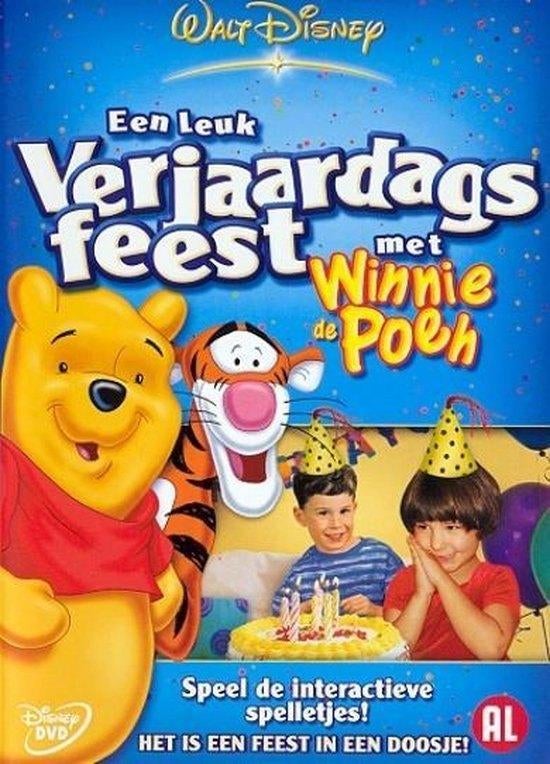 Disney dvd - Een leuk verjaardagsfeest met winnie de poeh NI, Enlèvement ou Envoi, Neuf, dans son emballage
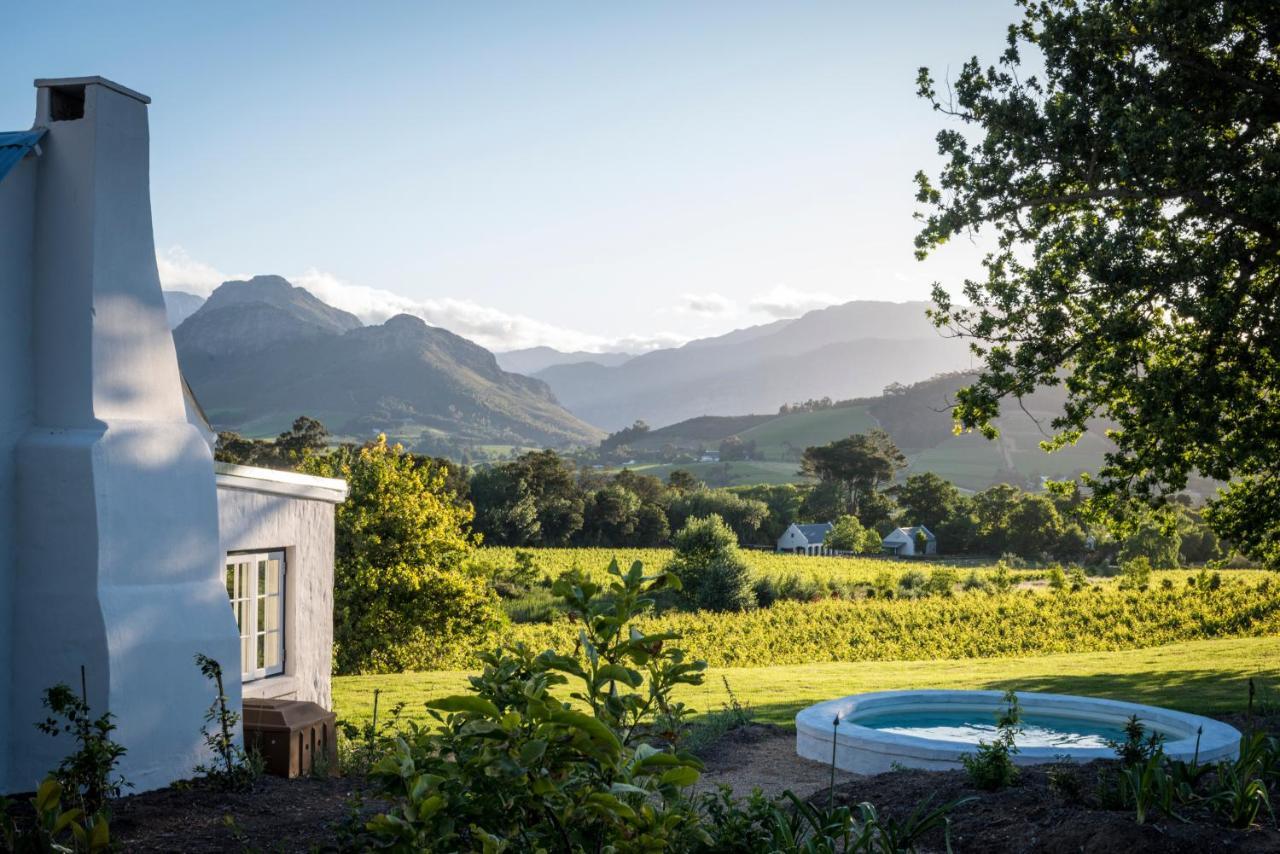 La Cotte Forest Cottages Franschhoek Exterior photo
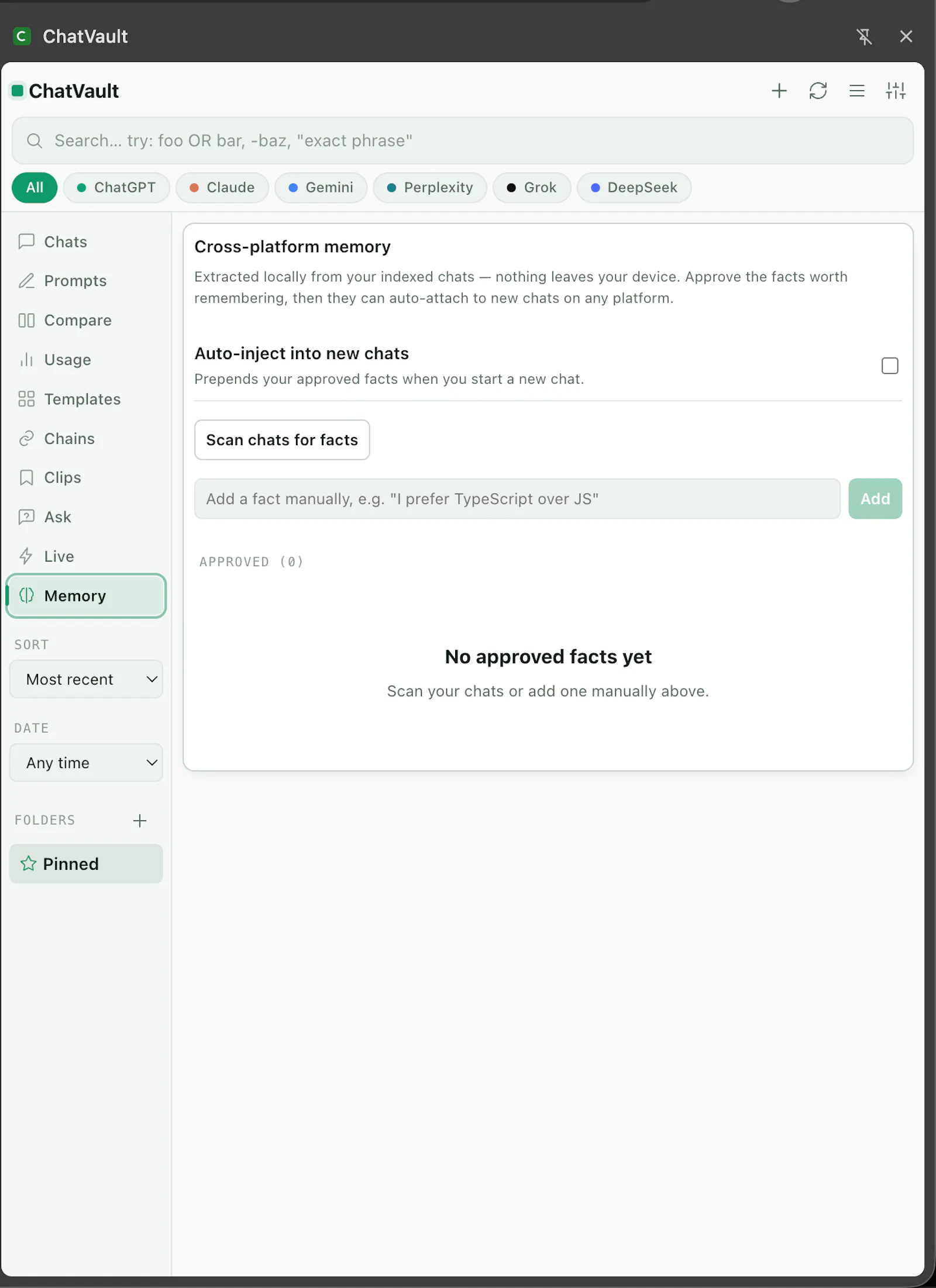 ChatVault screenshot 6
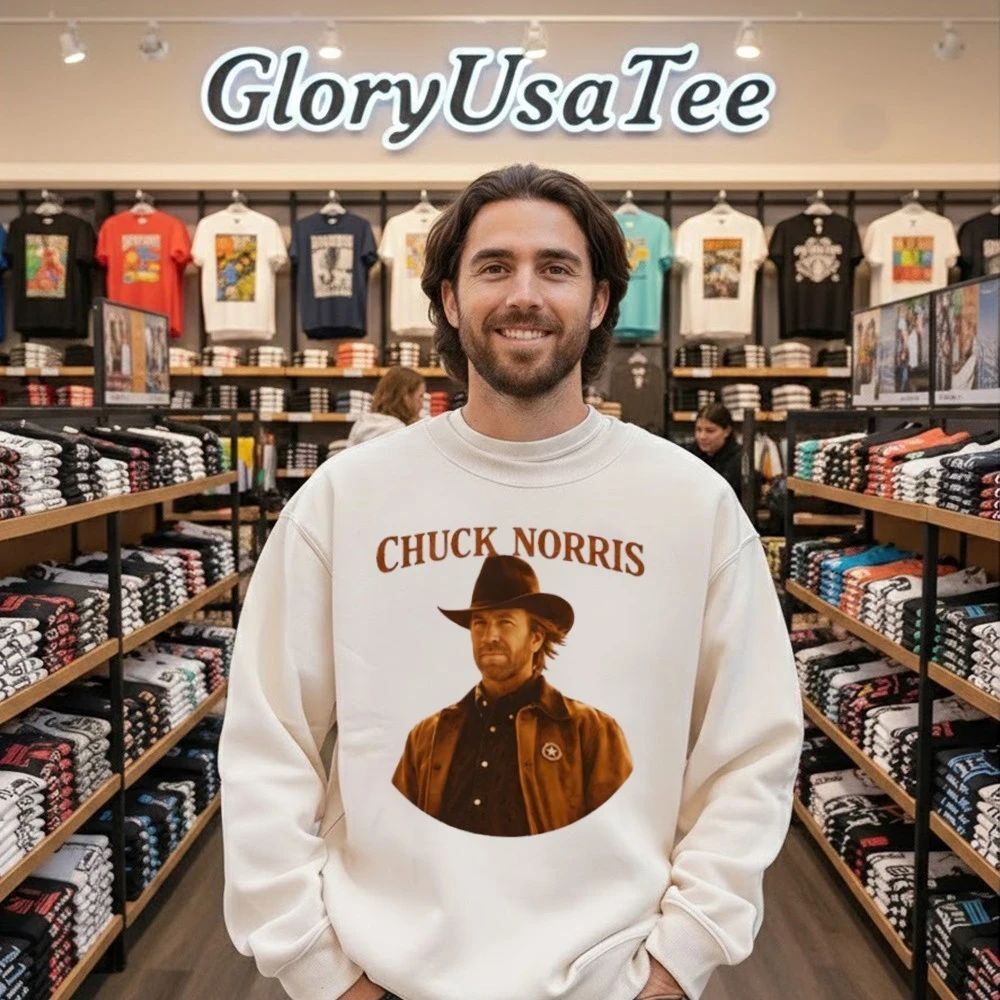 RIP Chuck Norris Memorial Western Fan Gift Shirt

------

Description of the task:
Word for word, print the material above, but without its pictures.

Reply to the exercise:
 Disney dvd - Een leuk verjaardagsfeest met winnie de poeh NI, Enlèvement ou Envoi, Neuf, dans son emballage
 La Cotte Forest Cottages Franschhoek Exterior photo
 ChatVault screenshot 6
 RIP Chuck Norris Memorial Western Fan Gift Shirt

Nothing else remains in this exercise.